Une réponse à “Cyberrisques, confiance numérique et blockchain au cœur des discussions

  1. Tout ne se résume pas à des questions technologiques. Je distingue au moins 3 failles dans ce discours:

    1a) le génome peut renseigner sur certains aspects de la santé, mais les principales causes de maladies ne sont pas dues à des facteurs génétiques: nous partageons les mêmes gènes avec nos prédécesseurs , mais beaucoup plus de monde souffrent de surpoids qui ont des conséquences graves sur l’espérance de vie (diabète, maladies cardio vasculaire , …) , le tabagisme et autres pratiques néfastes nuisent également.
    Les Américains vivent actuellement une “épidémie” d’overdoses
    https://www.statnews.com/2018/09/20/overdose-epidemic-multiple-threads/
    les cancers proviennent également de manière aléatoire.
    Les virus mutants ne préviennent pas de leurs nouvelles formules .
    (…)
    1b) l’ADN n’explique pas tout: des profils génétiques identiques peuvent se comporter différemment selon l’environnement, c’est ce que révèlent les études en épigénétique qui rendent pratiquement impossible toute prévision de l’apparition ou l’évolution d’une maladie .

    2) la technologie de la blockchain interdit sans doute toute falsification ou altération de données de la chaine , mais ne peut garantir que la valeur d’origine ait été correctement introduite . Il faut bien un début à tout, donc la phase initiale quand on numérise le réel en virtuel peut comporter des risques de fautes ou de fraudes (croisement d’ADN entre 2 patients, erreurs de dosage, mauvais certificats, …) . Avec le temps , la probabilité que toute la chaine soit entachée d’erreurs n’est pas négligeable , si aucune mesure de contrôle n’est prévue et malheureusement, la blockchain se considère inviolable et évite de parler d’un tiers de confiance !

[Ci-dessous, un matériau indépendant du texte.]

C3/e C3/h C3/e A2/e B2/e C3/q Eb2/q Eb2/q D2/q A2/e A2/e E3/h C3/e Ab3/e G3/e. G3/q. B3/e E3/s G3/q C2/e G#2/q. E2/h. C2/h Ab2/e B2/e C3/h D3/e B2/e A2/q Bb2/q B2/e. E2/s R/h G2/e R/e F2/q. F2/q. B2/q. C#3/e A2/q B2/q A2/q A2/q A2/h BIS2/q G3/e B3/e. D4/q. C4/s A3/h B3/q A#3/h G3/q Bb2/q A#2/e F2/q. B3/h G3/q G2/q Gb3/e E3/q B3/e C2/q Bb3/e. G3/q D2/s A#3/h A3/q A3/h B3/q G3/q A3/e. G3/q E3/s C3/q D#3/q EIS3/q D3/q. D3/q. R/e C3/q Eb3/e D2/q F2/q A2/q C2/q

    3) je pense aussi que l’évolution exponentielle de besoin en capacité de données a été sous évaluée: pour l’instant , ce ne sont que quelques applications prototypes qui ont été testées avec peu de données (même le bitcoin ne génère pas beaucoup de transactions), mais tous les jours ce sont des terabytes qui vont se rajouter au bout de la chaine qui deviendra de plus en plus ingérable , sans compter les multiples interactions à prévoir entre les différentes chaines !?
    J’ai travaillé avec une base de données qui journalisaient toutes les transactions (toutes les actions sur les données) et cela générait une telle masse d’information, qu’on devait la stocker sur bande . Si vous devez conserver la chaine entière en ligne , vous devez vous préparer à gérer des exabytes ces prochaines années . Combien de temps allez-vous pouvoir tenir quand les données exploseront ? Le mythe de la traçabilité d’un bout à l’autre de la chaine va s’envoler notamment en médecine, parce que vous devrez conserver toutes les données d’un patient de sa naissance à sa mort, mais qui interféreront avec les données des acteurs (médecins, pharmaciens, hôpitaux , …) . Il faut aussi garantir que tous les médecins agissant sur un malade soient inscrits et suivent la même procédure , ce qui parait bien impensable dans le monde ouvert d’aujourd’hui !?
    Dans le monde hétérogène d’aujourd’hui , la blockchain est une illusion .

    4) les ordinateurs sont loin d’être à l’abri des hackers et on sait bien que le maillon faible est celui qui est assis devant son écran et particulièrement le médecin qui aura accès aux données sensibles . Il suffira donc qu’une porte d’entrée du système soit moins gardée pour voir s’engouffrer les petits malins !

    Bref, le système parfait n’est pas encore né !!!